Toman, Philipp

“Mein Orchester habe ich schon nervös gemacht”

Die Briefe des Dirigenten Felix Mottl an die Gräfin Christiane Thun-Salm. Darstellung und Edition

Rubrik: Bücher
Verlag/Label: Verlag Dr. Kovac, Hamburg 2015
erschienen in: das Orchester 11/2016 , Seite 58

Mottl oder Mahler? Für die Gräfin Christiane Thun-Salm (1859-1935), einflussreiche Hof-
dame, Musikkennerin und ambitionierte Schriftstellerin im K.u.k.-Kosmos Wiens um 1900, gab es in dieser Frage kein Vertun. Das Amt des Wiener Hofoperndirektors, das Gutav Mahler zehn Jahre lang innehatte, gebührte ihrer Meinung nach nur einem, ihrem Schützling Felix Mottl. In einem Brief der Gräfin, der in der Wiener Gesellschaft öffentlich wurde, tritt ihre Parteilichkeit ungewollt zutage: „Es ist mir gelungen, Director Mahler zu stürzen“, soll sie geschrieben haben.
„Es hat wohl jeder das Recht auf privatem Wege seine Meinung auszusprechen“, schreibt die Gräfin noch trotzig am 15. Januar 1903 an Olga, „Wittwe des Hofrathes Knoll“, die wiederum vorgeschickt worden war, um ein versöhnliches Gespräch zwischen der Gräfin und Guido Adler, Universitätsprofessor für Musikgeschichte und treuer Freund Mahlers, in die Wege zu leiten. Adler gegenüber streitet ihre Exzellenz ab, den kompromittierenden Satz geschrieben zu haben. In einem Brief an Mottl aber, in dem sie detailliert über die Intrige Auskunft erteilt, kommen zwischen den Zeilen sinnentleerte Etikette, giftige Nadelspitzen sowie alle Nuancen an Verlogen­heit zum Vorschein. Auch ein in der Wiener Salon-Rhetorik nicht unbekannter Antisemitismus tritt hervor.
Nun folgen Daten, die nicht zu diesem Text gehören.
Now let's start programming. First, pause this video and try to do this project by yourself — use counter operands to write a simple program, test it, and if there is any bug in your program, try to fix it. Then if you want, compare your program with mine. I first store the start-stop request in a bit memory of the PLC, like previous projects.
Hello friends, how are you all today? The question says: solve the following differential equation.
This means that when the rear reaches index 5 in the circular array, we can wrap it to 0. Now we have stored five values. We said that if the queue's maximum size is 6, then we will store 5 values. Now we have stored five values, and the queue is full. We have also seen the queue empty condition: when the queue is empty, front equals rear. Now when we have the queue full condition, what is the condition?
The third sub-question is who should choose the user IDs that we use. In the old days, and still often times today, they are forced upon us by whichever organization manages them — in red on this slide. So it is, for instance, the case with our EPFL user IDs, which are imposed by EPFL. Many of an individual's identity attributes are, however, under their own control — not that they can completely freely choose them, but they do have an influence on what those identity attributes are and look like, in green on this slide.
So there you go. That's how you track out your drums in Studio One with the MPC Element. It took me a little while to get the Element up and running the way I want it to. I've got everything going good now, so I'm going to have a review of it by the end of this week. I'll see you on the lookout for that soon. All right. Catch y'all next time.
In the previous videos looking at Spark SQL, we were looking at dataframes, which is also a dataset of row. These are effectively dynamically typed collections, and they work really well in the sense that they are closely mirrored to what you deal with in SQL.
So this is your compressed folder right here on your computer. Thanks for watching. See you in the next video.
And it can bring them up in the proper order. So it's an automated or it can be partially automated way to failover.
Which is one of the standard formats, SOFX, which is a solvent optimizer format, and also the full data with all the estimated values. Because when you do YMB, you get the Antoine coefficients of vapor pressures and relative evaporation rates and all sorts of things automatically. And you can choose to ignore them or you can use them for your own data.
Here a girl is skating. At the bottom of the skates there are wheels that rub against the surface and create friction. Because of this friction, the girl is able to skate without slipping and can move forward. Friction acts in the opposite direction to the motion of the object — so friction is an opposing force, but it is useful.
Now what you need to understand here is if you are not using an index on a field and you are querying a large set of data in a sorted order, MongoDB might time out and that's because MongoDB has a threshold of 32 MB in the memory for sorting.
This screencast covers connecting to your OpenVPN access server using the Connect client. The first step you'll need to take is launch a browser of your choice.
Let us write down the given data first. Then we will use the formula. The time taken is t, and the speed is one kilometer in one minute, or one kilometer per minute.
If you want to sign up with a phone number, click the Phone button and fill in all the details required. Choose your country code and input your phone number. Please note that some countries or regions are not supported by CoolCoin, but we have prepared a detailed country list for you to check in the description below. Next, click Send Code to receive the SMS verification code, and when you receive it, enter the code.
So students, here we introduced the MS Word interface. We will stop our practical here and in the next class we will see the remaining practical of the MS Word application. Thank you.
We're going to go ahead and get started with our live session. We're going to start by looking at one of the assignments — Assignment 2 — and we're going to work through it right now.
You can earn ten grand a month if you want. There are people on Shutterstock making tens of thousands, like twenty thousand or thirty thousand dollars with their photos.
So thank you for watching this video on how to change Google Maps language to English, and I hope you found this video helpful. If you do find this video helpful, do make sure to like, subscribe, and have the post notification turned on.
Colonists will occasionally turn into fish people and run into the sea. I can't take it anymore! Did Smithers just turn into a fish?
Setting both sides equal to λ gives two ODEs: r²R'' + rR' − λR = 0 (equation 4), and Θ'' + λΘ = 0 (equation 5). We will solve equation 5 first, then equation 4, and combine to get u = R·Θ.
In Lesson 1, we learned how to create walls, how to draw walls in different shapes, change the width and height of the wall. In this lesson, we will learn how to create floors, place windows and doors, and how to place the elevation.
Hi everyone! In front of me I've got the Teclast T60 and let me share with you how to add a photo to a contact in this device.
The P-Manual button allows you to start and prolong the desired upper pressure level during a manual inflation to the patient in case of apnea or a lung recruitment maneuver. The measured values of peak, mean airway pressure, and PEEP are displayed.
Über Mahler äußert sie sich gegenüber Adler: „Ich finde es nur ein großes Unglück für Wien, dass nicht Mottl an seiner Stelle ist, denn er ist ein noch größerer Künstler.“ Die Wiedergabe des Gesprächs gipfelt in Thun-Salms Feststellung: „Als wir uns (zum Abschied) die Hand reichten, hassten wir uns aufrichtig und gründlich, der Jud, die Christin, der Demokrat, die Gräfin, der Deutsch­tümler, die Österreicherin, der Pedant, die Begeisterte.“ Die Musikgeschichte wird später festschreiben, dass Mahler durchaus kein Unglück für Wien war, und Mottl – in den Augen seiner Gönnerin ein Genie – weitaus weniger bedeutende Spuren hinterlassen hat.
„Die Briefe des Dirigenten Felix Mottl an die Gräfin Christiane Thun-­Salm“, herausgegeben von Musikwissenschaftler Philipp Toman, dokumentieren diese wenig bekannte Notiz der Musik- und Sozialgeschichte. Wer aber nach der spannenden Kostprobe an Briefkunst der Gräfin davon ausgeht, dass das Buch ein Leseleckerbissen ist, wird enttäuscht. Das liegt vor allem daran, dass die Veröffentlichung nur wenige Briefe der wortgewandten Gräfin enthält. In kluger Voraussicht und um ihr Ansehen nicht zu beschädigen, hatte sie Mottl gebeten, ihre Briefe zu vernichten. Und so besteht die überarbeitete Dissertation, die in der Reihe Studien zur Musikwissenschaft erschienen ist, vor allem aus den geschraubten, mit Floskeln überladenen Briefen Mottls. Ein üppiges Zeitdokument, akribisch ergänzt mit Werkverzeichnissen, Programmheften und mehr, ist das Buch doch nur mühsam zu lesen. Die Leistung Tomans ist die penible Aufarbeitung der Dokumente. Sie bildet – nicht nur für Mahler-Fans – ein wertvolles Steinchen im großen Mosaik am Gebäude der Kunstschaffenden Wiens um 1900.